Action item: Searching the material below, find each line that includes the word "Volkswagen", and copy it.

The data:
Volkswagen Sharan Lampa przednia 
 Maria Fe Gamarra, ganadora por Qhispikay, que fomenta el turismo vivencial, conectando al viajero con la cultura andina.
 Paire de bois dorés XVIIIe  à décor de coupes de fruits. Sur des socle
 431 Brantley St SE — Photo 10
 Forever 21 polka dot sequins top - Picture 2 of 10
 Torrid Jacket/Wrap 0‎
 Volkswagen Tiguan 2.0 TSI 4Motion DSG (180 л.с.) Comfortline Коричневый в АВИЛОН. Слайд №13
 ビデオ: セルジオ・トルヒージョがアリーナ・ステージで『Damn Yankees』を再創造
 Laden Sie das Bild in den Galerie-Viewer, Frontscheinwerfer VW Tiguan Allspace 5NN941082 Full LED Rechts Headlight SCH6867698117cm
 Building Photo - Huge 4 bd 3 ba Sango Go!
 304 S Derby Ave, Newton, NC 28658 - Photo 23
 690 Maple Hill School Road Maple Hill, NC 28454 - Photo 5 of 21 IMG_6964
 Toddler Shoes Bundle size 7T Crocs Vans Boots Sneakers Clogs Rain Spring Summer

The completed task:
Volkswagen Sharan Lampa przednia 
 Volkswagen Tiguan 2.0 TSI 4Motion DSG (180 л.с.) Comfortline Коричневый в АВИЛОН. Слайд №13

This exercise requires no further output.